Problem to solve - Extract the complete listing and repeat it word for word.

Data for processing -
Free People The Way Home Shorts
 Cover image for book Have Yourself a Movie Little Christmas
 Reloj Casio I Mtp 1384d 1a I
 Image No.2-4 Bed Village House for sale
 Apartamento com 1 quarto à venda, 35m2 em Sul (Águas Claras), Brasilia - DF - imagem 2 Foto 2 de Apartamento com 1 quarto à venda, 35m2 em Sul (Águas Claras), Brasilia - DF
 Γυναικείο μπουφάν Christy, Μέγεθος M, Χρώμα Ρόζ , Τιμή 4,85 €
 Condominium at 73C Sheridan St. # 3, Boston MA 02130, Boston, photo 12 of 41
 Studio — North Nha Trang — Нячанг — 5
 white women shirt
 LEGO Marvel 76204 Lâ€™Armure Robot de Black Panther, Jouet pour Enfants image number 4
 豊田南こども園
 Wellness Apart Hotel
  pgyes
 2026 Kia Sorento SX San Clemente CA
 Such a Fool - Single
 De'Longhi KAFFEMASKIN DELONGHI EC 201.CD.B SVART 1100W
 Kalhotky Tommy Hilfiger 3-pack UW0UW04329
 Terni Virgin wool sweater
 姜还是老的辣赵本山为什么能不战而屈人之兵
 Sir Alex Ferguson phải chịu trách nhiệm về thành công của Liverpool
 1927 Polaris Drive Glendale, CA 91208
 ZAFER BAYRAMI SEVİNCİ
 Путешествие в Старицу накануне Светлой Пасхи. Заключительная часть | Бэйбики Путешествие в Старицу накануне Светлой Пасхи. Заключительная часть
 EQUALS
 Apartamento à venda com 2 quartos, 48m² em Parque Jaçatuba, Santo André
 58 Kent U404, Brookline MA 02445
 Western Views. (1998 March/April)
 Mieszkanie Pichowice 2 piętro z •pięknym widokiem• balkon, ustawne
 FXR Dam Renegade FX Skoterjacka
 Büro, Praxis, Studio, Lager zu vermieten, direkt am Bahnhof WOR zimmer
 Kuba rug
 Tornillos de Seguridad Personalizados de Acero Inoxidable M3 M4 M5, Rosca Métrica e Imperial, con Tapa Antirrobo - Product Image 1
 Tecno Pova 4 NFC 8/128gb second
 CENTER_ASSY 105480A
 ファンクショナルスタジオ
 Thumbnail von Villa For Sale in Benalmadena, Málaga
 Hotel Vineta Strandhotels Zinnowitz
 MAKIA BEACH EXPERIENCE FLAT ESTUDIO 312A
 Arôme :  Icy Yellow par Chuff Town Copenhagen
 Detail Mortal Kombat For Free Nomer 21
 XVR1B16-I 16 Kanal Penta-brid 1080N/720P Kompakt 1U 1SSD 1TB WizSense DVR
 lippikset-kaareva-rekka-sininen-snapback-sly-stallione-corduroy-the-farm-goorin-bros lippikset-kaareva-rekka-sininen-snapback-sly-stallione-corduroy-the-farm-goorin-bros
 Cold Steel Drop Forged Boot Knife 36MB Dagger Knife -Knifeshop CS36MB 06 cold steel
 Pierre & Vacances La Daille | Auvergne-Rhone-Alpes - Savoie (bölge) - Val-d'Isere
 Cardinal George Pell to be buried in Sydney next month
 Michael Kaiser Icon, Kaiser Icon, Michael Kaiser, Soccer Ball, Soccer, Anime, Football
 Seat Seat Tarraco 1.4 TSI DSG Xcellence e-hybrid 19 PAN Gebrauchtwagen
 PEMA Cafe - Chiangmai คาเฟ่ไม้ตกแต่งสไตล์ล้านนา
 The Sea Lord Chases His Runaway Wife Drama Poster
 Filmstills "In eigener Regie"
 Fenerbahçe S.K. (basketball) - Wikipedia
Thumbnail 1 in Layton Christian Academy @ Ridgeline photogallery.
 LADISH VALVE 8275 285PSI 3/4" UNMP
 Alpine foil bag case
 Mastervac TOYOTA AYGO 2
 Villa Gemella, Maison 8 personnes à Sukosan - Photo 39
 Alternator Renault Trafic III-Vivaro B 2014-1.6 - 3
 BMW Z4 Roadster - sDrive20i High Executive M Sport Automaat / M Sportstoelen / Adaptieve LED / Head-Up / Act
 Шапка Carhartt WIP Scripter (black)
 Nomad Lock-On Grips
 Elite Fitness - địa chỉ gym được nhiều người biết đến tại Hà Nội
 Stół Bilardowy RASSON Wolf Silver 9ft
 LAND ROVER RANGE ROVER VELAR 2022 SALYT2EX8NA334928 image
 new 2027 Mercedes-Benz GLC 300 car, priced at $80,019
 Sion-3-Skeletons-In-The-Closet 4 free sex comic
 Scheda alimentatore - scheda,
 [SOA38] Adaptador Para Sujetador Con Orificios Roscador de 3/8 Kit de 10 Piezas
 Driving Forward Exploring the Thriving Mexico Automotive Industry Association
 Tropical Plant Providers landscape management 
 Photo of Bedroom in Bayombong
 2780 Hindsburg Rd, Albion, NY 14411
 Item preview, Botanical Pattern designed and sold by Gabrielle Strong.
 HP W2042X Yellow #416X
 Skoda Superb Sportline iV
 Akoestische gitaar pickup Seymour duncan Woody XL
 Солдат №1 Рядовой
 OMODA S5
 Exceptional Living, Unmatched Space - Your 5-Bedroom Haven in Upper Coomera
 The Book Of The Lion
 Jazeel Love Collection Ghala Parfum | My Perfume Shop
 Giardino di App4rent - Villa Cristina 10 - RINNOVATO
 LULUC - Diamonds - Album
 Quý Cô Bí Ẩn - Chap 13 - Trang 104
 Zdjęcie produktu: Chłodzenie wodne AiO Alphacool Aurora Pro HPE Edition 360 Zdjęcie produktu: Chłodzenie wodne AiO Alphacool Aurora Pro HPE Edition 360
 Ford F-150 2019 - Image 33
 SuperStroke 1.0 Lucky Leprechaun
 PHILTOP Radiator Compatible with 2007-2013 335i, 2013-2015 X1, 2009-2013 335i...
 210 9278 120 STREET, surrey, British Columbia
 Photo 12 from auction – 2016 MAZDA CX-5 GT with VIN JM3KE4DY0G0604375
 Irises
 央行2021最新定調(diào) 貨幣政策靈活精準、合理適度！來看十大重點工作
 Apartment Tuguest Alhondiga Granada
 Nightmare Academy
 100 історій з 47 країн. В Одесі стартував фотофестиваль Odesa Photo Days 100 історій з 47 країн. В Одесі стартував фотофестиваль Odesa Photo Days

Response -
Free People The Way Home Shorts
 Cover image for book Have Yourself a Movie Little Christmas
 Reloj Casio I Mtp 1384d 1a I
 Image No.2-4 Bed Village House for sale
 Apartamento com 1 quarto à venda, 35m2 em Sul (Águas Claras), Brasilia - DF - imagem 2 Foto 2 de Apartamento com 1 quarto à venda, 35m2 em Sul (Águas Claras), Brasilia - DF
 Γυναικείο μπουφάν Christy, Μέγεθος M, Χρώμα Ρόζ , Τιμή 4,85 €
 Condominium at 73C Sheridan St. # 3, Boston MA 02130, Boston, photo 12 of 41
 Studio — North Nha Trang — Нячанг — 5
 white women shirt
 LEGO Marvel 76204 Lâ€™Armure Robot de Black Panther, Jouet pour Enfants image number 4
 豊田南こども園
 Wellness Apart Hotel
  pgyes
 2026 Kia Sorento SX San Clemente CA
 Such a Fool - Single
 De'Longhi KAFFEMASKIN DELONGHI EC 201.CD.B SVART 1100W
 Kalhotky Tommy Hilfiger 3-pack UW0UW04329
 Terni Virgin wool sweater
 姜还是老的辣赵本山为什么能不战而屈人之兵
 Sir Alex Ferguson phải chịu trách nhiệm về thành công của Liverpool
 1927 Polaris Drive Glendale, CA 91208
 ZAFER BAYRAMI SEVİNCİ
 Путешествие в Старицу накануне Светлой Пасхи. Заключительная часть | Бэйбики Путешествие в Старицу накануне Светлой Пасхи. Заключительная часть
 EQUALS
 Apartamento à venda com 2 quartos, 48m² em Parque Jaçatuba, Santo André
 58 Kent U404, Brookline MA 02445
 Western Views. (1998 March/April)
 Mieszkanie Pichowice 2 piętro z •pięknym widokiem• balkon, ustawne
 FXR Dam Renegade FX Skoterjacka
 Büro, Praxis, Studio, Lager zu vermieten, direkt am Bahnhof WOR zimmer
 Kuba rug
 Tornillos de Seguridad Personalizados de Acero Inoxidable M3 M4 M5, Rosca Métrica e Imperial, con Tapa Antirrobo - Product Image 1
 Tecno Pova 4 NFC 8/128gb second
 CENTER_ASSY 105480A
 ファンクショナルスタジオ
 Thumbnail von Villa For Sale in Benalmadena, Málaga
 Hotel Vineta Strandhotels Zinnowitz
 MAKIA BEACH EXPERIENCE FLAT ESTUDIO 312A
 Arôme :  Icy Yellow par Chuff Town Copenhagen
 Detail Mortal Kombat For Free Nomer 21
 XVR1B16-I 16 Kanal Penta-brid 1080N/720P Kompakt 1U 1SSD 1TB WizSense DVR
 lippikset-kaareva-rekka-sininen-snapback-sly-stallione-corduroy-the-farm-goorin-bros lippikset-kaareva-rekka-sininen-snapback-sly-stallione-corduroy-the-farm-goorin-bros
 Cold Steel Drop Forged Boot Knife 36MB Dagger Knife -Knifeshop CS36MB 06 cold steel
 Pierre & Vacances La Daille | Auvergne-Rhone-Alpes - Savoie (bölge) - Val-d'Isere
 Cardinal George Pell to be buried in Sydney next month
 Michael Kaiser Icon, Kaiser Icon, Michael Kaiser, Soccer Ball, Soccer, Anime, Football
 Seat Seat Tarraco 1.4 TSI DSG Xcellence e-hybrid 19 PAN Gebrauchtwagen
 PEMA Cafe - Chiangmai คาเฟ่ไม้ตกแต่งสไตล์ล้านนา
 The Sea Lord Chases His Runaway Wife Drama Poster
 Filmstills "In eigener Regie"
 Fenerbahçe S.K. (basketball) - Wikipedia
Thumbnail 1 in Layton Christian Academy @ Ridgeline photogallery.
 LADISH VALVE 8275 285PSI 3/4" UNMP
 Alpine foil bag case
 Mastervac TOYOTA AYGO 2
 Villa Gemella, Maison 8 personnes à Sukosan - Photo 39
 Alternator Renault Trafic III-Vivaro B 2014-1.6 - 3
 BMW Z4 Roadster - sDrive20i High Executive M Sport Automaat / M Sportstoelen / Adaptieve LED / Head-Up / Act
 Шапка Carhartt WIP Scripter (black)
 Nomad Lock-On Grips
 Elite Fitness - địa chỉ gym được nhiều người biết đến tại Hà Nội
 Stół Bilardowy RASSON Wolf Silver 9ft
 LAND ROVER RANGE ROVER VELAR 2022 SALYT2EX8NA334928 image
 new 2027 Mercedes-Benz GLC 300 car, priced at $80,019
 Sion-3-Skeletons-In-The-Closet 4 free sex comic
 Scheda alimentatore - scheda,
 [SOA38] Adaptador Para Sujetador Con Orificios Roscador de 3/8 Kit de 10 Piezas
 Driving Forward Exploring the Thriving Mexico Automotive Industry Association
 Tropical Plant Providers landscape management 
 Photo of Bedroom in Bayombong
 2780 Hindsburg Rd, Albion, NY 14411
 Item preview, Botanical Pattern designed and sold by Gabrielle Strong.
 HP W2042X Yellow #416X
 Skoda Superb Sportline iV
 Akoestische gitaar pickup Seymour duncan Woody XL
 Солдат №1 Рядовой
 OMODA S5
 Exceptional Living, Unmatched Space - Your 5-Bedroom Haven in Upper Coomera
 The Book Of The Lion
 Jazeel Love Collection Ghala Parfum | My Perfume Shop
 Giardino di App4rent - Villa Cristina 10 - RINNOVATO
 LULUC - Diamonds - Album
 Quý Cô Bí Ẩn - Chap 13 - Trang 104
 Zdjęcie produktu: Chłodzenie wodne AiO Alphacool Aurora Pro HPE Edition 360 Zdjęcie produktu: Chłodzenie wodne AiO Alphacool Aurora Pro HPE Edition 360
 Ford F-150 2019 - Image 33
 SuperStroke 1.0 Lucky Leprechaun
 PHILTOP Radiator Compatible with 2007-2013 335i, 2013-2015 X1, 2009-2013 335i...
 210 9278 120 STREET, surrey, British Columbia
 Photo 12 from auction – 2016 MAZDA CX-5 GT with VIN JM3KE4DY0G0604375
 Irises
 央行2021最新定調(diào) 貨幣政策靈活精準、合理適度！來看十大重點工作
 Apartment Tuguest Alhondiga Granada
 Nightmare Academy
 100 історій з 47 країн. В Одесі стартував фотофестиваль Odesa Photo Days 100 історій з 47 країн. В Одесі стартував фотофестиваль Odesa Photo Days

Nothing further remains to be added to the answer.